Start of Recorded data

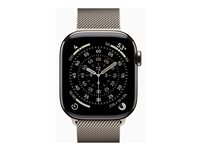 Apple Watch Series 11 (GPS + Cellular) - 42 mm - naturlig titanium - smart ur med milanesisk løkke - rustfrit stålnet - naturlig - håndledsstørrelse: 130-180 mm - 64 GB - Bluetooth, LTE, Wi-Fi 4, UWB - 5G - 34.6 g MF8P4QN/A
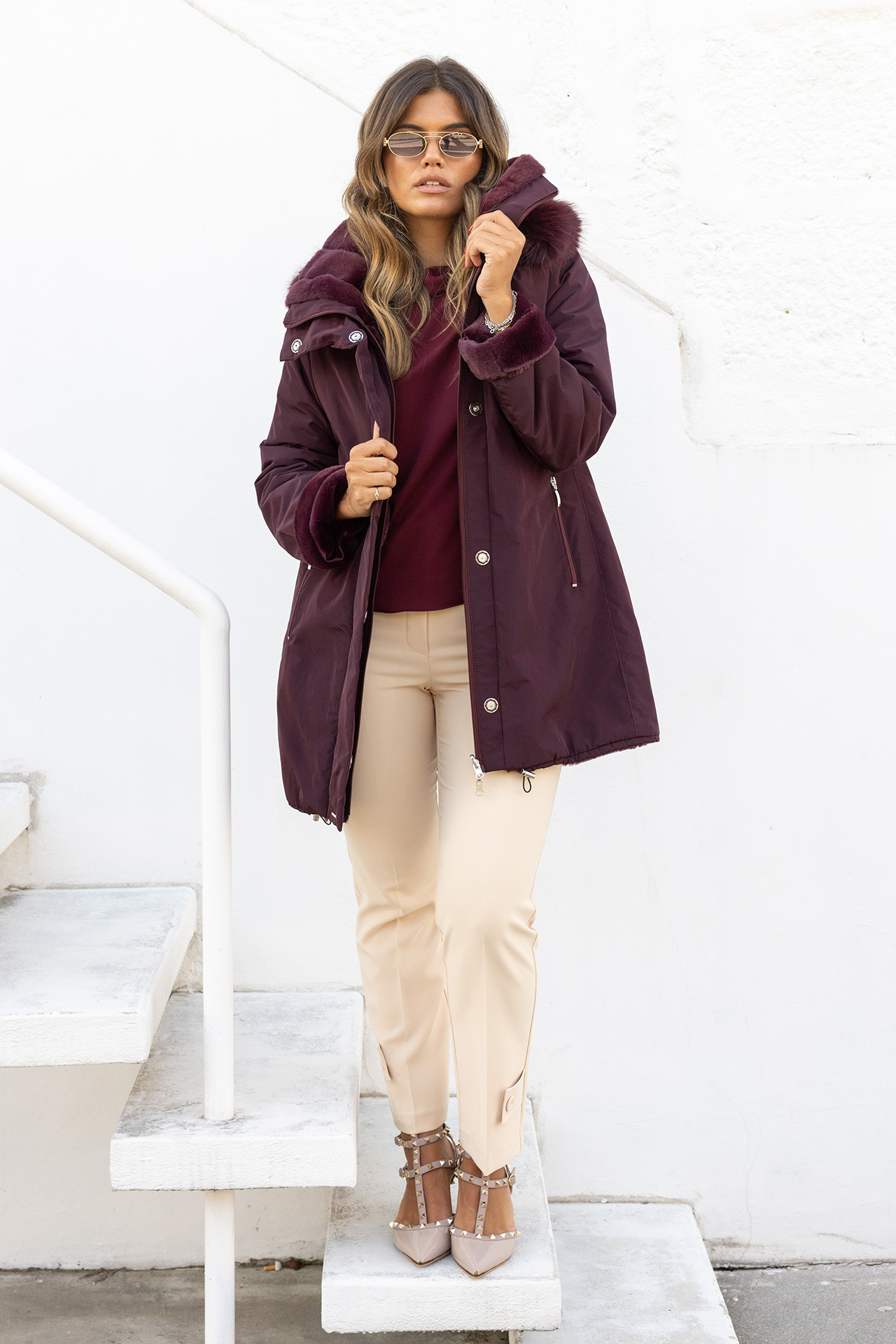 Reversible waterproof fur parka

End of Recorded data
Start of Recorded data

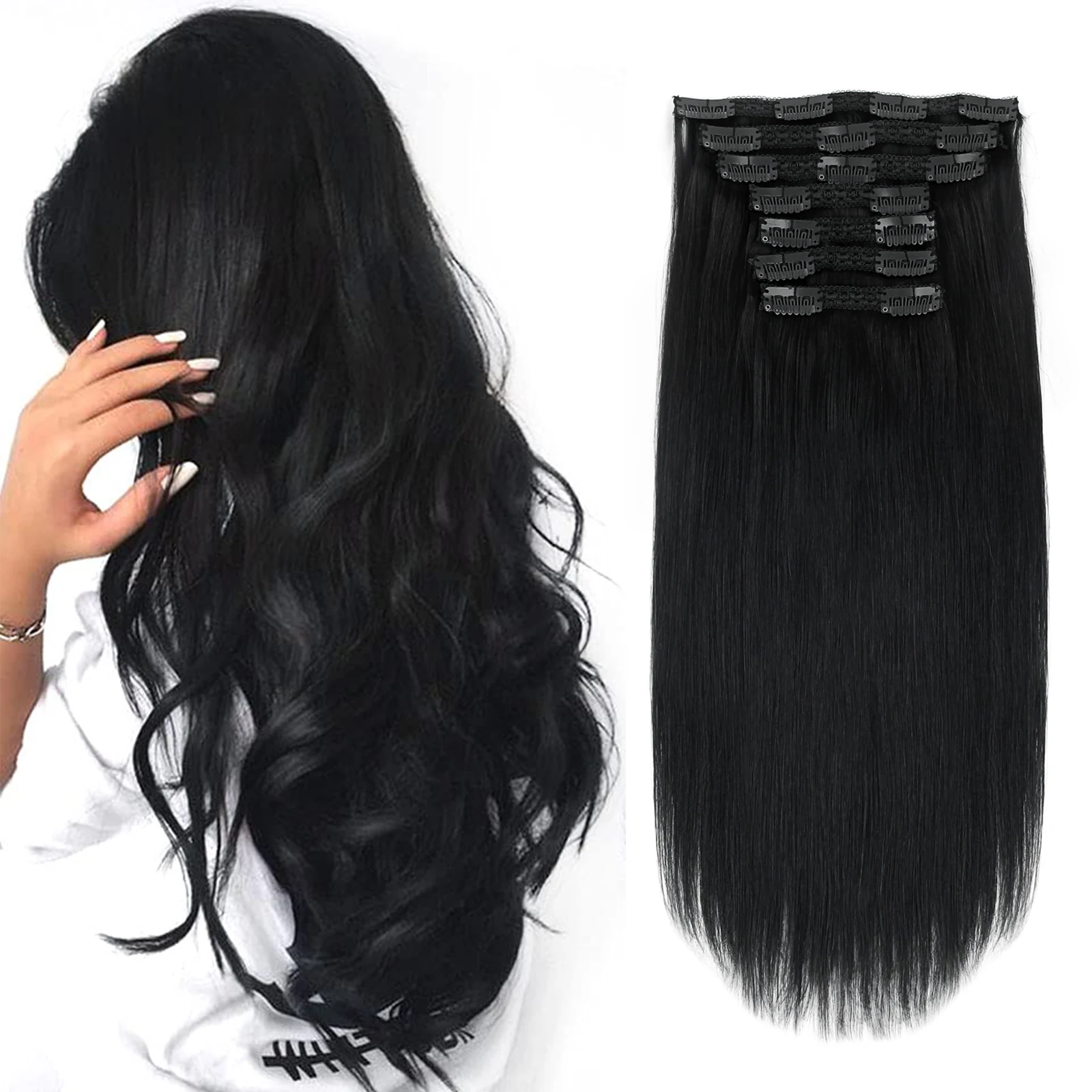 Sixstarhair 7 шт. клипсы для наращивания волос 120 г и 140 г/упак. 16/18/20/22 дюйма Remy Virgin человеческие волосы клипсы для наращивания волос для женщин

End of Recorded data

▶ Task goal
Copy exactly, without pictures, the lines above from the one with "Apple Watch Series" down to the one with "Reversible waterproof fur parka", inclusive.

▶ Solution to this problem
 Apple Watch Series 11 (GPS + Cellular) - 42 mm - naturlig titanium - smart ur med milanesisk løkke - rustfrit stålnet - naturlig - håndledsstørrelse: 130-180 mm - 64 GB - Bluetooth, LTE, Wi-Fi 4, UWB - 5G - 34.6 g MF8P4QN/A
 Reversible waterproof fur parka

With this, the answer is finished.